各国介入の名目は「甲午農民戦争(東学党の乱)」の平定。


各プレイヤーはどういう状況でしょうか。





世界の潮流。


当然ながら、当事者のうちの強国は全てヨーロッパです。

イギリス一強。


特にインドを介した中国の権益は垂涎の的でした。

イギリスは、各国からは「羨ましい」「妬ましい」。


しかし、なんだかんだ言ってまだまだ後進国のアメリカだけは、イギリスの腹にコバンザメのようにはりついてちゅうちゅう利益を吸い上げているので、大人しく従ってます。





フランスは「イギリス超ムカつく!」


イギリスのように中国からおこぼれが欲しいので、中国属国のベトナムに手を出しましたが上手く行ってません。

ナポレオン3世の対外政策、しかも彼はもういない。

川船でサンパン叩いてクレバーに勝利を掴んだイギリスと違って、清と正面からがっぷり組みついてます。

遠隔地、兵力差で敗けそうです。

とりあえず日本のおかげで辛勝しましたが、そもそもそんな状態で美味しいわけがない。

内政は順調に回復し、世界一の科学国!世界一の文化国!と称賛されているのにね。

ナポレオン3世なのか、それを支持したフランス国民なのか、なんか間違った方向に進んでいます。

別にイギリスが美味しかったのは独立国、親交国を操って利益をかすめる状態の方がよかったのに、その利益をむさぼれない状況にあこがれて、ジャイアンのように喧嘩売ってます。





ナンバー3のドイツは新興。

「世界が混乱すれば良いなぁ。

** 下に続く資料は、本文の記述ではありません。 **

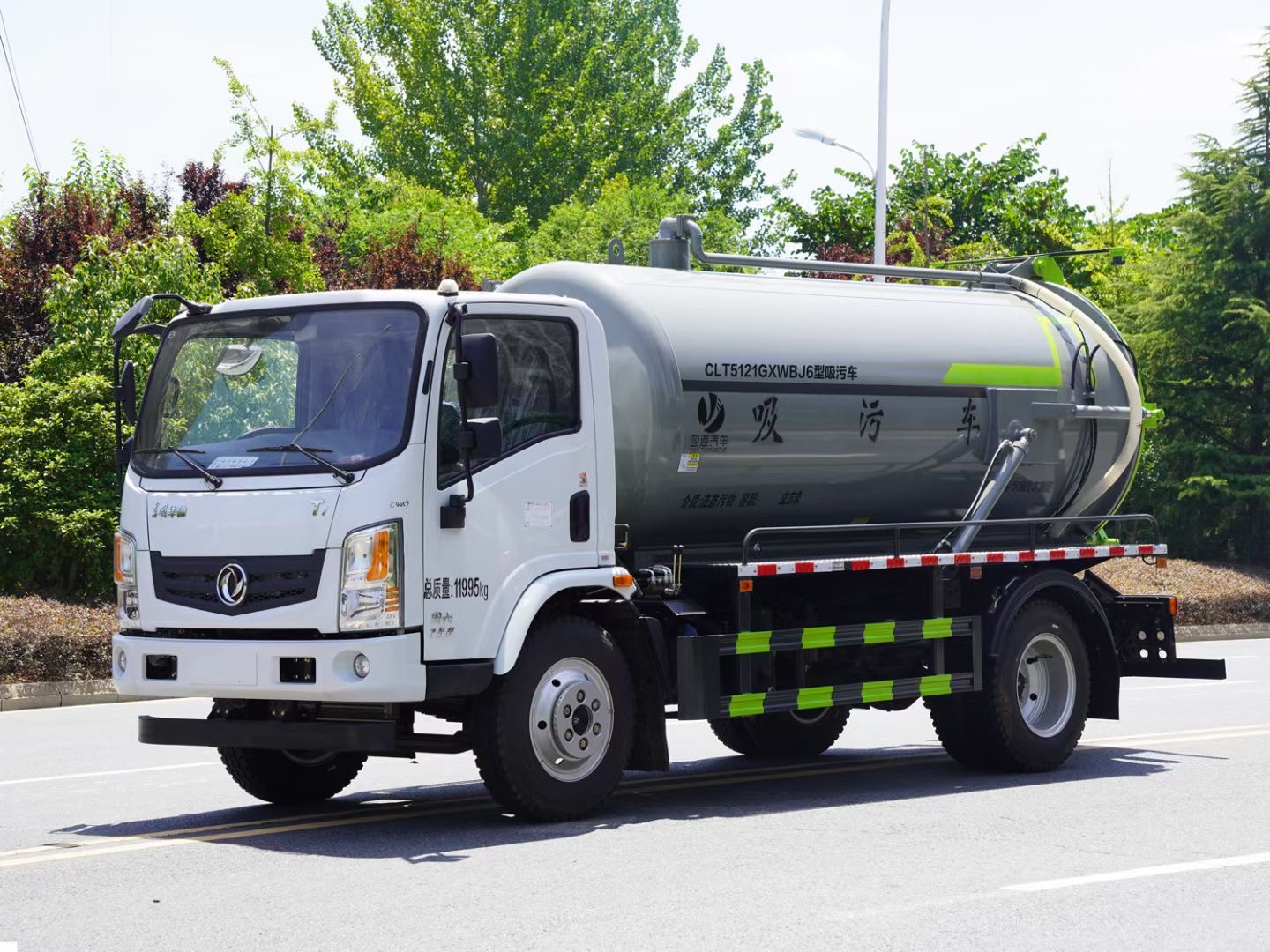 9方吸污车 东风华神T1盈通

そうすれば僕が主人公になる機会ができるのにね!」

厨二病な思春期です。


だれも尊敬してくれない。

せっかく産業革命果たしても二流扱い。

外征してもうまくいかない。


ああ、世界が混沌とすれば自分が美味しい思いが出来るかもしれない。


「やってくれー、世界を火の海にしろ!!」


というのを心の底から望んでいます。

業の深い国だ。


ついでにロシアが東に目を向けるのは大歓迎です。

大国、、と言い難い国ではありましたが、その言い難い部分「乱暴」「暴虐」「命が軽い」という部分も含めてドイツや東欧諸国にとってロシアは面倒な国です。





そしてそのロシア。


各国から「うぜぇ国」と思われていました。

でも、じゃあ仲間はずれかというとそうでもなく、


たとえばイギリスが孤立した時は、イギリスに鼻薬かがされて「そーだそーだ!」


イギリスがうぜえと思われたら、ドイツとフランスに賄賂もらって「そーだそーだ!」


ドイツが生意気に見えてくると、フランスやイギリスに言われて「そーだそーだ!」


国力はそんなないし、実は言うほど強くないけど、一応はナポレオンを倒した列強ですから。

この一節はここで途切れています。